The new-issue premium of these two deals was around 9bp or 10bp and despite the large levels of liquidity, bankers say the days of doing deals with essentially no new-issue premiums have gone. "New-issue premium has increased – it used to be non-existent, but now they can be around 25bp and 50bp – depending on the credit and the deal," says a DCM banker, who points to the $49 billion Verizon deal, which paid 100bp new-issue premium to lock in today’s interest rates.

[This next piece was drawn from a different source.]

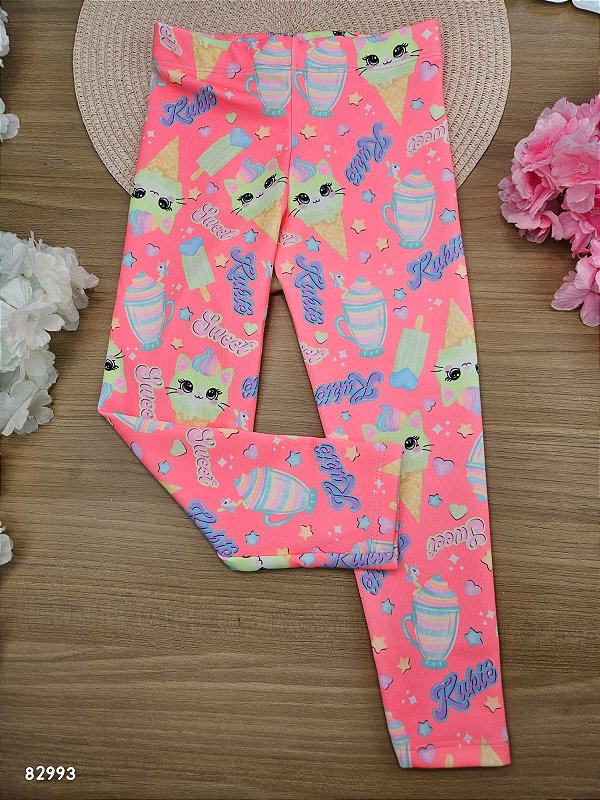 Calça Legging em Fly Tech Kukiê Infantil Menina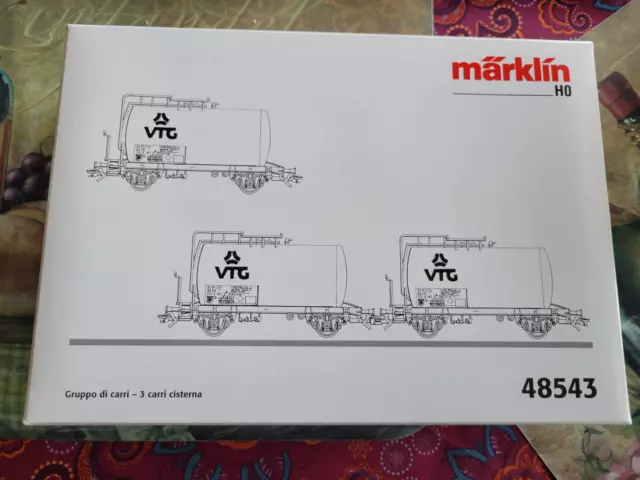 Marklin Ho 48543 Italien (FS) Patiné 3 Pétrole Réservoir Voiture Set - Nib Era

The Mexican sovereign (UMS) came to market a week after the Fed’s announcement to create a large $3.9 billion 10-year benchmark. The deal was in part to fund a tender offer on the issuer’s outstanding 2015s, 2017s, 2019s and 2020s, which combined are worth about $10 billion. UMS was seeking about $1.5 billion in fresh money and wanted to create a 2023 benchmark of between $3 billion and $4 billion, so the tender offer was calibrated to attract about $2 billion of demand from the holders of the shorter-term paper. The tender and the 2023 transactions were conducted consecutively and had a fixed deadline within 24 hours.

Mexico paid a new-issue premium of between 15bp and 20bp, but the sovereign was keen to create a bigger benchmark, extend its sovereign maturity profile and lower the overall financing cost. Alejandro Díaz de León Carrilo, deputy undersecretary for public credit, says the sovereign had been observing the market and decided conditions created the opportunity to do a "large and meaningful" transaction that had been planned for months. He says: "There had been a lot of anxiety and volatility in the last few months and there was a lot of expectation about the Fed decision. Our view was that, given the tightening of the financial conditions that had already taken place in the US in a short space of time, we expected that [the Fed] would provide some support for fixed income. They did even more than we expected, and this confirmed that the transaction was well suited to today’s environment."